This was the fourth time I had visited Ellis Island since it opened as a museum in 1990, but it was the first time I had brought a group of students with me. It was a long day of touring, but the students in my Immigrant America course (and a few others–including my family) were up to the task.
We left the friendly confines of Grantham, PA at 7:00am and placed ourselves under the care of Larry, our fearless coach bus driver. The students seemed to develop a connection with Larry as he regaled us over his microphone with stories of animal bridges on Route 78, live reports from Williams Grove Speedway where his son was racing sprint cars, and his experience as a sailor on the U.S.S. Intrepid.
We arrived at Battery Park around 10:30 and enjoyed our bagged lunches. (Thanks to Sarah and Abby for getting this all taken care of and for lugging the bag of ice packs around all day!). Around 11:15 we headed into the Clinton Castle, a War of 1812 fort on the tip of Manhattan, and then boarded our ferry.
It was a beautiful day in New York. The skies were clear. The views of the city were breathtaking. We spent about an hour on Liberty Island where students got their pictures taken in front of the Statue of Liberty. We learned about historical figures such as Frederic Bartholdi, the French sculptor who designed Lady Liberty; Gustave Eiffel, who designed the framework of the statue; and Joseph Pulitzer, the newspaper editor who was influential in raising funds for the construction of the pedestal/monument on which the statue stands.
Then it was off to Ellis Island, where we spent the bulk of our day. I am always moved when I visit Ellis Island. As I enter the Great Hall I always reflect on a the story my 99 year-old grandfather told me about arriving there as a young boy in 1913. Like so many immigrants, he passed through registration without incident and then was directed to the “Stairs of Separation” where he walked down the left set of stairs and met his father for the first time. (His father had arrived earlier to establish work and get settled). It was grandpa’s first memory of America.

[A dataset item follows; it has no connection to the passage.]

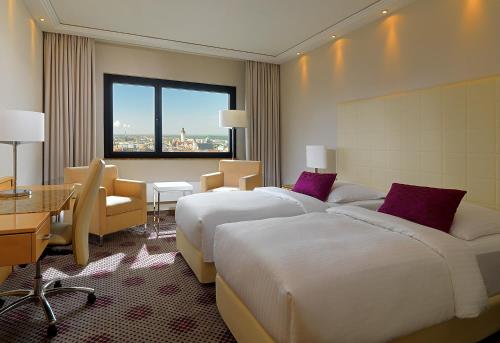 Deluxe Guest Room Two Twin/Single Beds with City View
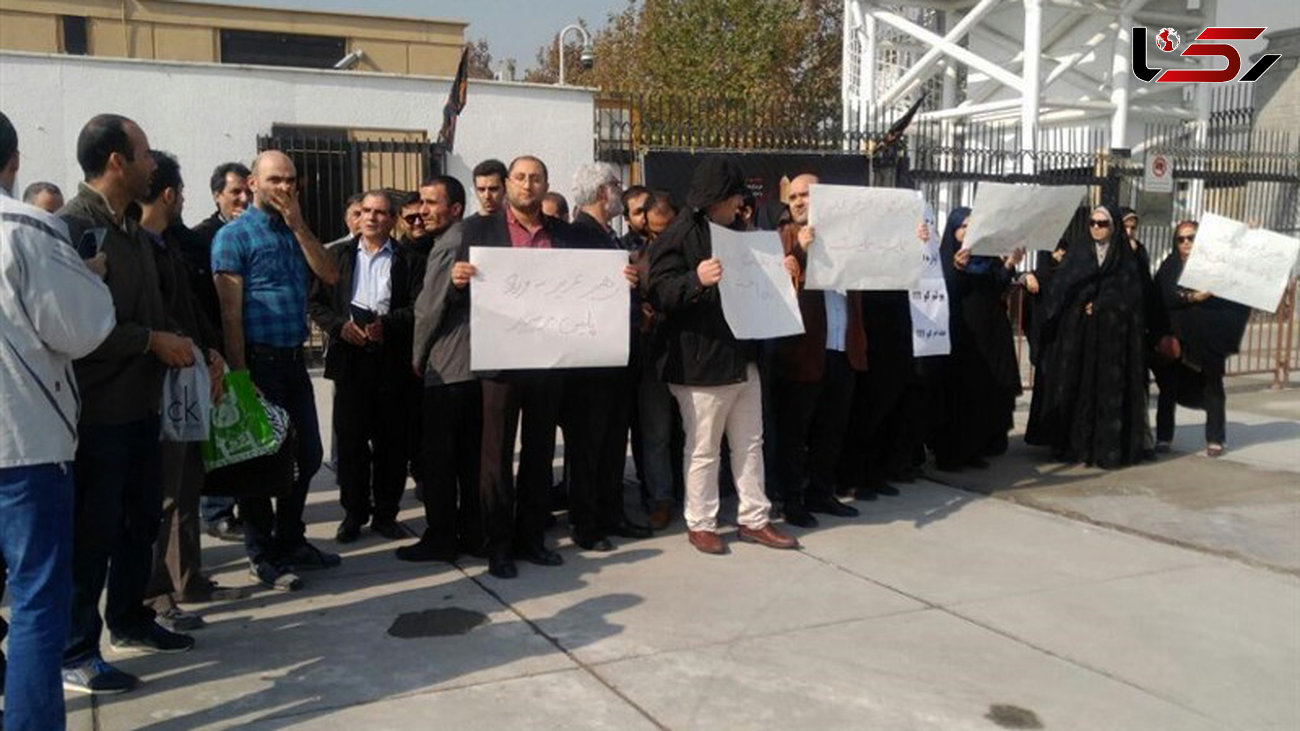 تجمع متقاضیان "مسکن مهر" همزمان با استیضاح آخوندی در مجلس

As I stand in that hall I find myself reflecting on the courage it must have taken for my great-grandparents to leave everything behind and start a new life in the United States. It is this kind of everyday courage that is celebrated at Ellis Island. Frankly, I am not sure I could imagine doing that today, but, of course, the world was different in 1913. My sense of historical contingency was palpable.
Apart from the Great Hall, my favorite part of Ellis Island is the second-floor exhibits devoted to period of “peak immigration.” This section includes some phenomenal photos of eastern and southern European immigrants arriving to the Island around the turn of the twentieth-century.
Most of us watched a 30-minute documentary about Ellis Island, but few of us were expecting the movie to be preceded by a 20-minute lecture by a park ranger on the history of “open immigration” in America. The theater was incredibly hot and I must admit that I fell asleep for about half of the movie. (My wife and daughters insist that it was very good–I am sure it was). I think our time could have been used a bit better. If I had to do it again I would have skipped the movie and had the students join-up with one of the official ranger tours.
In general, the museum is filled with primary sources from the period. If one had the time or the energy she could spend days there. There is so much to see and study. One of the highlights for my daughters was finding their great-grandfather’s name–Giovanni Fia–listed on a 1913 ship register.
As might be expected, we ended the day in the gift shop. Jason, the king of museum gift-shop shoppers, loaded up on an assortment of over-priced souvenirs and memorabilia.
After a long day of touring we headed back to Battery Park, split up for dinner, and then headed home. After some fruitful and engaging conversation with a few students on the relationship between history, theory, and liberal arts education we all settled in for our on-bus movie, “The Princess Bride.”
With Larry behind the wheel we got home around 11pm. Overall it was a long and tiring day, but certainly worth it.